Alpha-VL / ConvMAE

ConvMAE: Masked Convolution Meets Masked Autoencoders
MIT License
484 stars 41 forks source link

have you try pure convolution network? #3

Closed Dongshengjiang closed 2 years ago

Dongshengjiang commented 2 years ago

have you try pure convolution network? does this work?

gaopengpjlab commented 2 years ago

Thanks for your interest in ConvMAE.

  1. Pure convolution leads to pretraining/finetuning inconsistency (no MASK token during fine-tuning) which will slightly decrease accuracy on CLS/DET/SEG.
  2. Masked convolution is equivalent to performing local aggregation (conv) on visible tokens. An optimal implementation can save up 75% FLOPs during pretrainig.
Dongshengjiang commented 2 years ago

Thanks for your repid reply. Is the no mask token MIM pretrain better than contrasive learning for convolution network?

gaopengpjlab commented 2 years ago

Your question is (pure convolution vs hybrid convolution / transformer vs transformer) or (pure convolution vs masked convolution)?

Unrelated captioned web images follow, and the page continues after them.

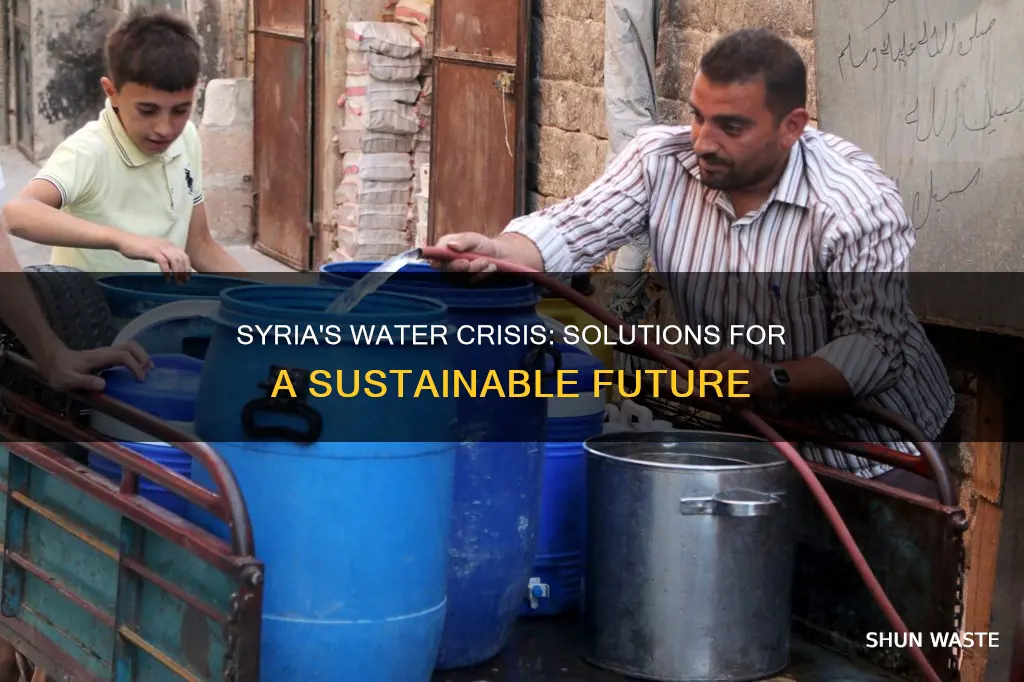 how to solve water pollution in syria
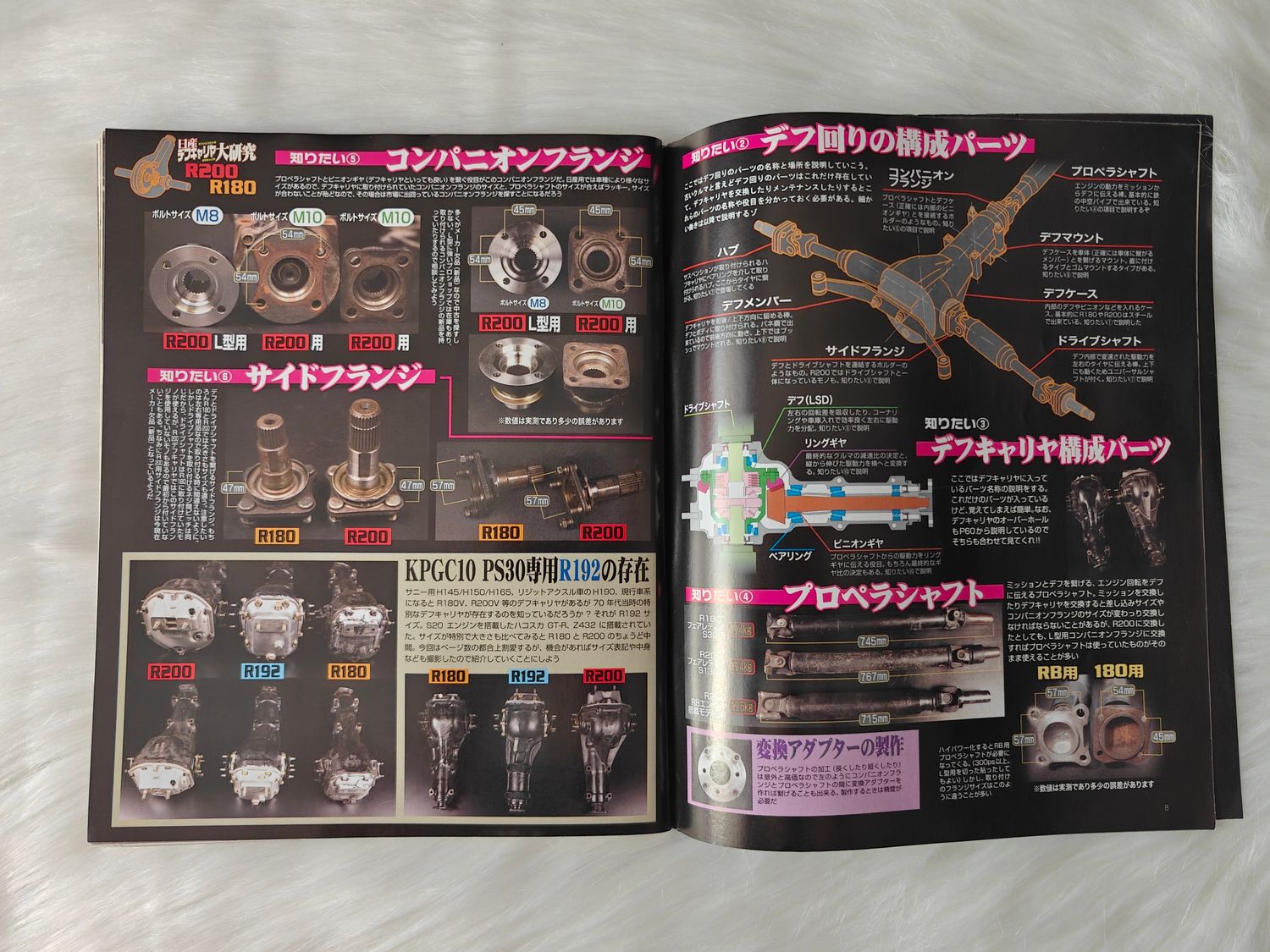 G-Works Magazine 08.2011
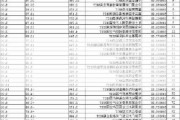 15只涨幅超过10%！首批公募REITs迎来上市三周年：REITs配置价值愈加凸显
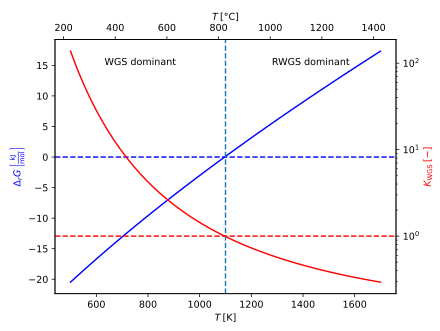 K_dGr_WGS.svg.png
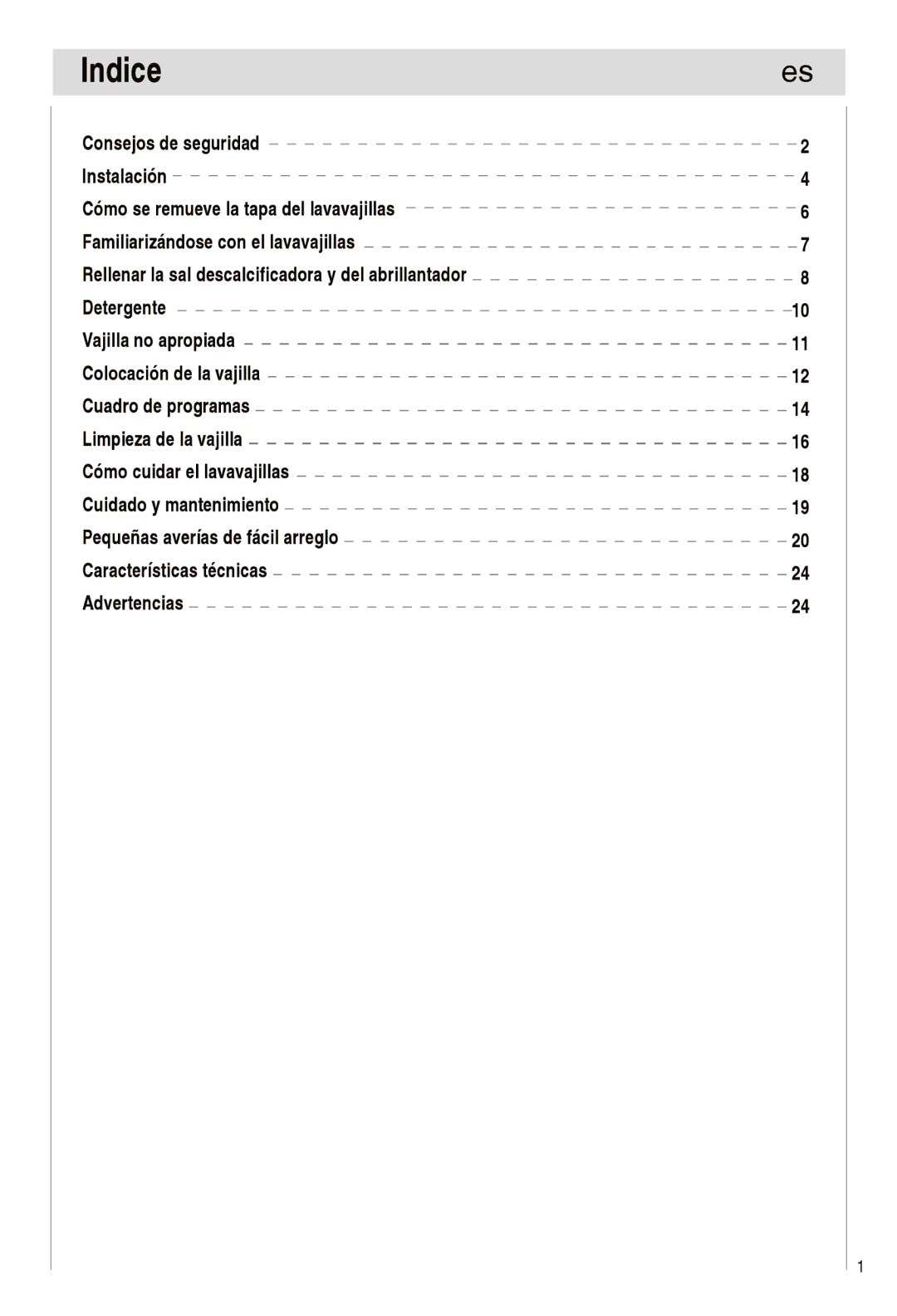 Haier DW12-EFETME, DW12-EFETS manual 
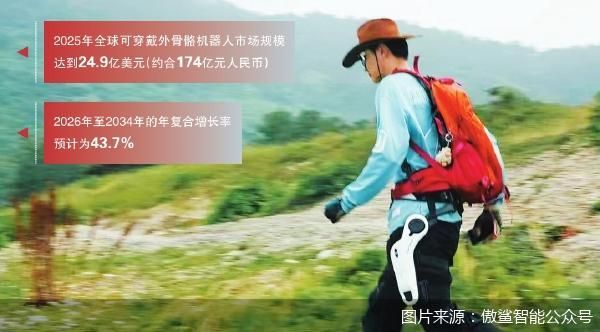 图片来源：傲鲨智能公众号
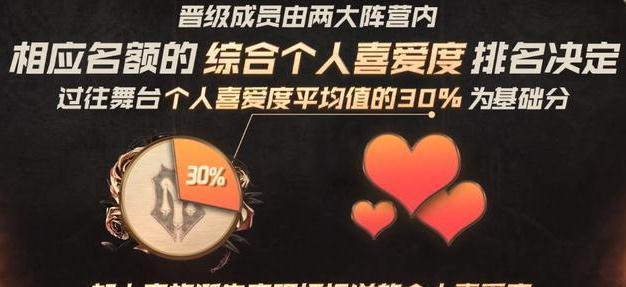 《哥哥》陈小春C位出道!张晋排第7还是队长,林晓峰成观众意难平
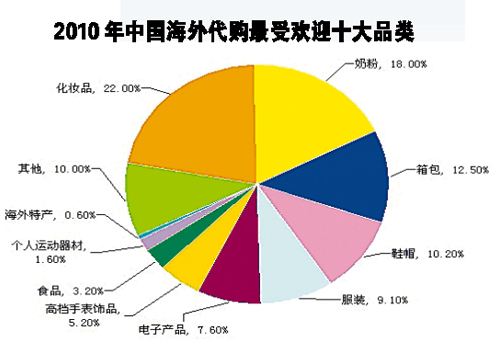 代购网站“蚂蚁搬家”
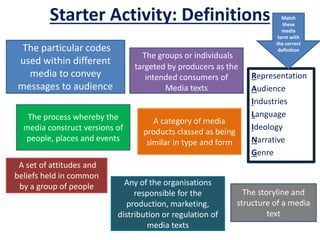 Starter Activity: Definitions
The particular codes
used within different
media to convey
messages to audience
The process whereby the
media construct versions of
people, places and events
The groups or individuals
targeted by producers as the
intended consumers of
Media texts
A category of media
products classed as being
similar in type and form
A set of attitudes and
beliefs held in common
by a group of people
The storyline and
structure of a media
text
Any of the organisations
responsible for the
production, marketing,
distribution or regulation of
media texts
Representation
Audience
Industries
Language
Ideology
Narrative
Genre
Match
these
media
term with
the correct
definition
 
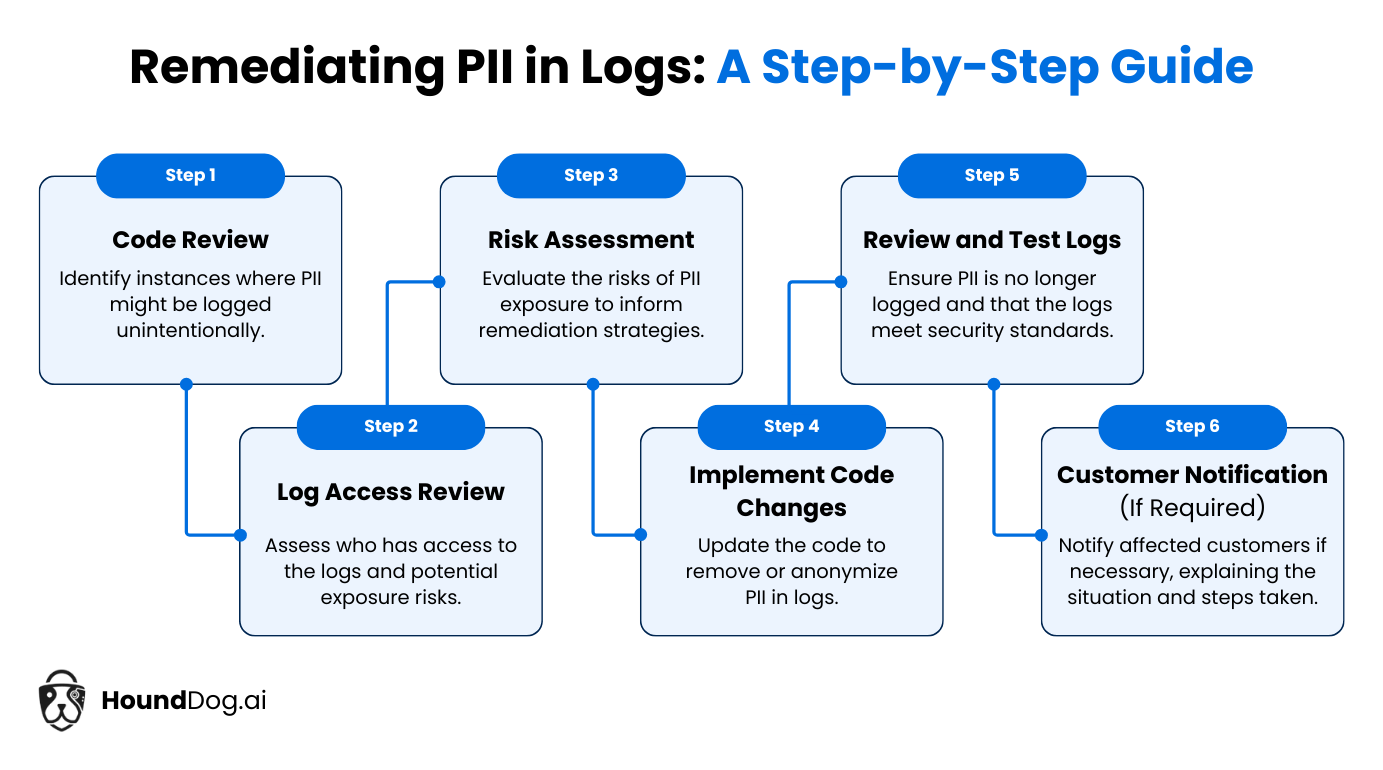 Remediating PII in Logs: A Step-by-Step Guide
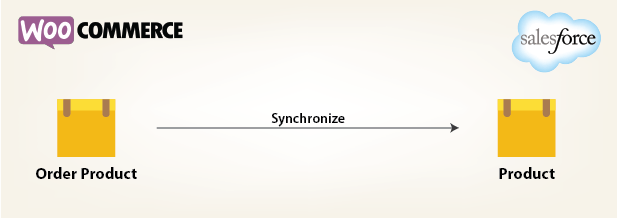Woocommerce Integration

Dongshengjiang commented 2 years ago

I mean that does the performance of mae for convolution network( such as resnet50, convnext) is better than traditional contrasive learning methods(such as dino, byol).

gaopengpjlab commented 2 years ago

Evaluation pure convolution network with different pretraining paradigm such as MAE, DINO, BYOL is beyond the scope of this paper.